My sister took this photo as French Bakery Belen approached her vessel.  I choose it here because its location may surprise you.  I’ll reference the photos below if you want to know context.  My take on this photo is to prepare for surprise;  assume nothing.  I think I should say assume carefully, because we all make thousands of assumptions each day.

Photos of an odd barge came to my attention this year, thanks to Isaac Pennock.   Here it’s pushed southbound in the Oswego Canal;  note the outdoor helm.   From Oswego, it took the Erie Canal and the Hudson River before it transited the sixth boro and puzzled a lot of folks.  The moral of the story is that there’s always a story and it’ll make sense. 

That barge now is here, which I’ve yet to set foot on.  Maybe 2021 will change that.  Click here to see before and after.  Think caterpillar-to-butterfly.

Unlike the salty sixth boro, freshwater inland waterways freeze sooner and stay frozen longer.  This ATB is loading iron ore near Duluth, all that ice notwithstanding.  Today, that same vessel is pushing ore across Lake Superior most likely toward Lake Michigan.  Spend New Year’s Eve at the Soo and you’ll see them transit, definitely more exciting than watching a dropping ball …

The world wide web depends on wires, and they’re under the oceans, and vessels like these operated by US mariners set and maintain them.  Hello everywhere and anywhere.

After an ocean voyage, Sheri Lynn S is splashing into the Saint Lawrence River, and the start of its first river trip since transiting downstream the Yangtze.  It’s been working in the Great Lakes system ever since.

This ghostly white vessel marked a time this 2020 year that everything changed.  USNS Comfort was surely not a silver bullet, but on that day in March, it was a psychological boost.

And here’s an example of what else changed:  note the crew welcoming the docking pilot . . .   masked, as have been essential workers, including those on the water, ever since.

Tugster is fortunate to sometimes physical distance, escape to places where population density is a small decimal of one percent of what it is in the six boros. It’s one thing to be a hermit in the boros, and another thing to be such in places like this.

Up the Hudson, Slater here is about to do-si-do and then promenade grand right and left  all the way south to the KVK for some upgrades.
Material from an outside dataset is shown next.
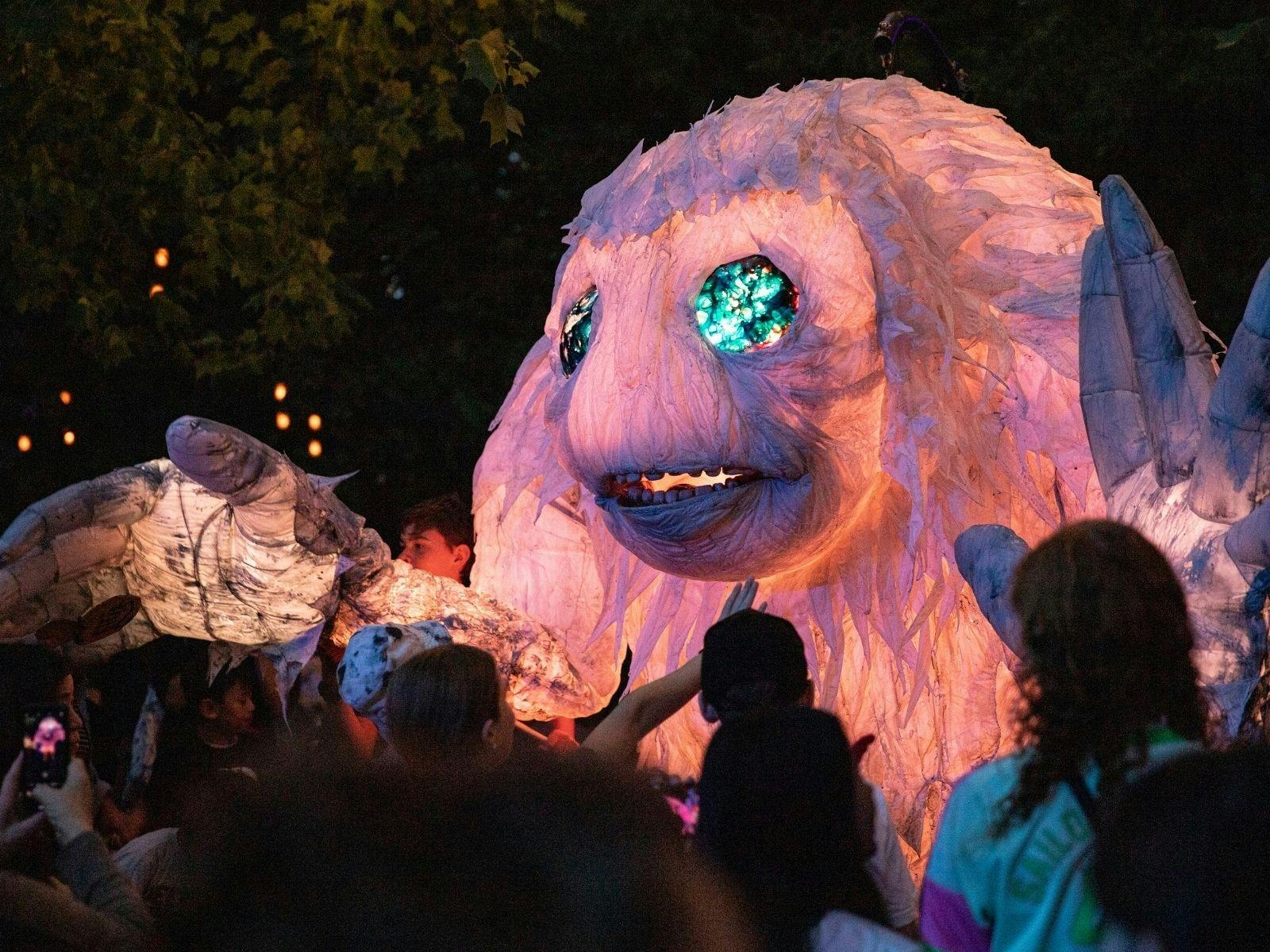 A whimsical monster featuring large eyes and an elongated nose, depicted in a playful pose.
Pilgrim somehow managed to transit the sixth boro without being detected.  The round-the-world traditional Russian vessel is now on the hard in Duluth, while its mariners raise funds to put it on a truck to the Salish Sea so that it can get back to its starting point in Russia.  I’m amazed that in 2020 this project happened as much as I’m amazed by the warm welcome they received as they traversed NYS on the Erie Canal. Here‘s their website, and there’s a button to push to read in English.

Steve Munoz sent along a lot of interesting photos this year, and I’m grateful.  Below, that’s the September 2001 Great North River Tugboat Race . . . and the water thrusters are on Z-Two. More photos here. One thing I recall from Steve is his observation that as they passed the WTC, no one imagined that a few days on, they would fall, at great human toll.  This gets back to the “assume nothing” and carpe diem every diem.
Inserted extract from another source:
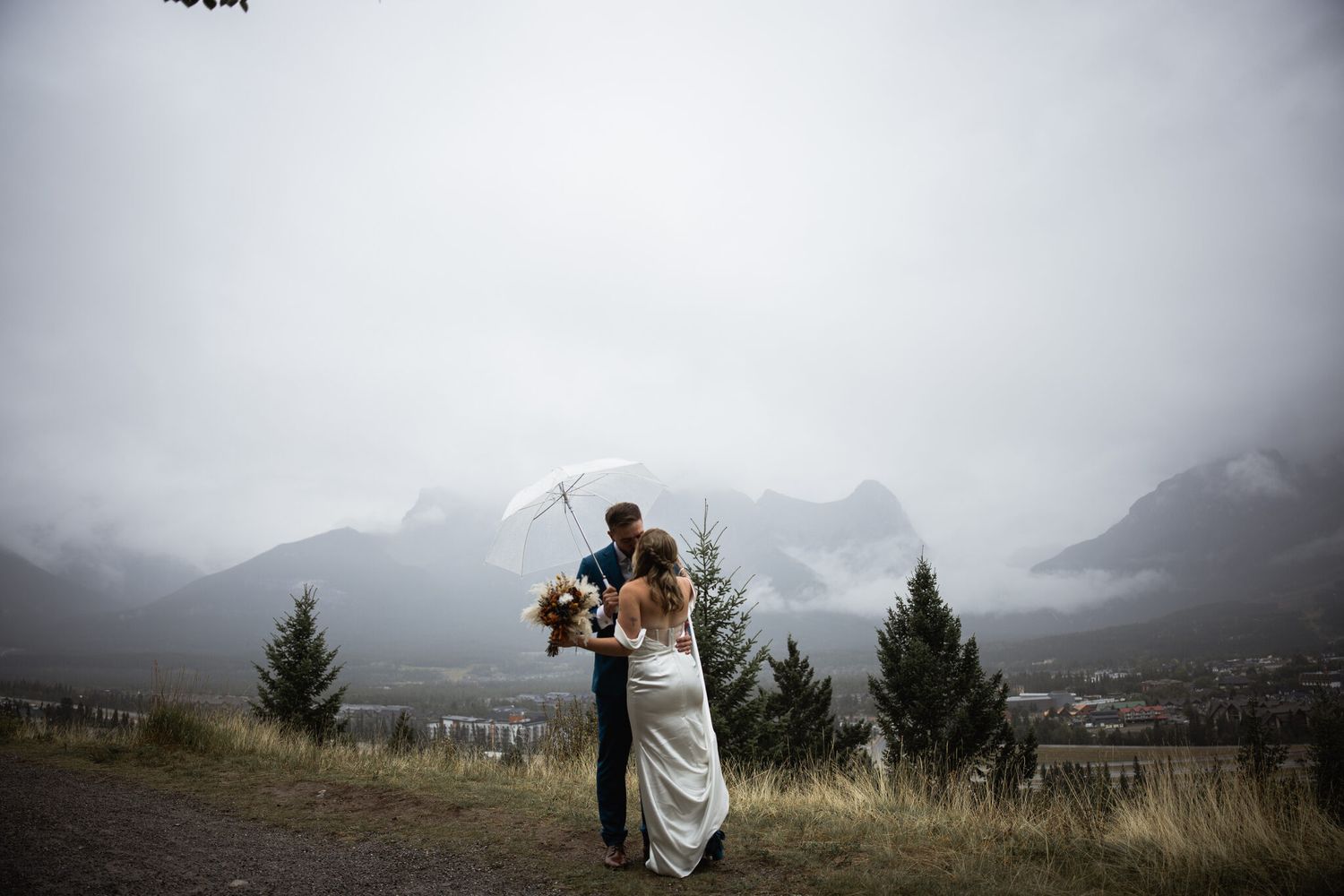 Bride and groom embrace on a misty overlook above Canmore, Rocky Mountain wedding photography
Since I’ve broached the Latin here, how about this one:  diligenter inspicere.  [That’s for all you Latin lovers.  Did you catch the story about Latin lover number one being a victim of 2020?  If not, we’ve lost a great one.]  If you’ve a chance to read his obit in the NYTimes, it’s a great obit.  Here are two excerpts:  “Reginald Foster, a former plumber’s apprentice from Wisconsin who, in four decades as an official Latinist of the Vatican, dreamed in Latin, cursed in Latin, banked in Latin and ultimately tweeted in Latin, died on Christmas Day at a nursing home in Milwaukee. He was LXXXI. ”  and   “Father Foster was indeed a monk — a member of the Discalced Carmelite order — but he was a monk who looked like a stevedore, dressed like a janitor, swore like a sailor (usually in Latin) and spoke Latin with the riverine fluency of a Roman orator.”  THAT is an obit!!

But I digress, or in Latin my machine translator tells me it might be paenitet, magnum excessu.  

Getting back to the next photo . . . what is that cargo top center of the load?  If you’ve forgotten what those odd pieces of cargo were, check here. More diligenter inspicere in 2021!

Where is the mast of Pilot Boat No. 1 taller than the mast of WTC1 or any other building in the five boros?  It’s interesting to put oneself in the place of a mariner coming into our fair port for the first time.  Thanks for this excursion out to the end of Ambrose Channel to my friend Bjoern and the New York Media Boat.

Prototypes like here, here, and here, regularly take to NYC;  this is a working prototype that left the sixth boro about a few days ago bound for the DR.  I’m just wondering . . . has anyone seen a USV, aka autonomous vessel,  in the sixth boro yet?  And yes, there are many others I could mention, many that I missed.

And finally, a photo I took the other day . . .  a light container vessel in the background . . .  EMPTY . . .  that’s a metaphor for this past year.   Some diligent crabbers clammers are busy in the foreground, bouncing on the Upper Bay on a lumpy day.

 

If you’re interested in context, here’s the info on those first few photos.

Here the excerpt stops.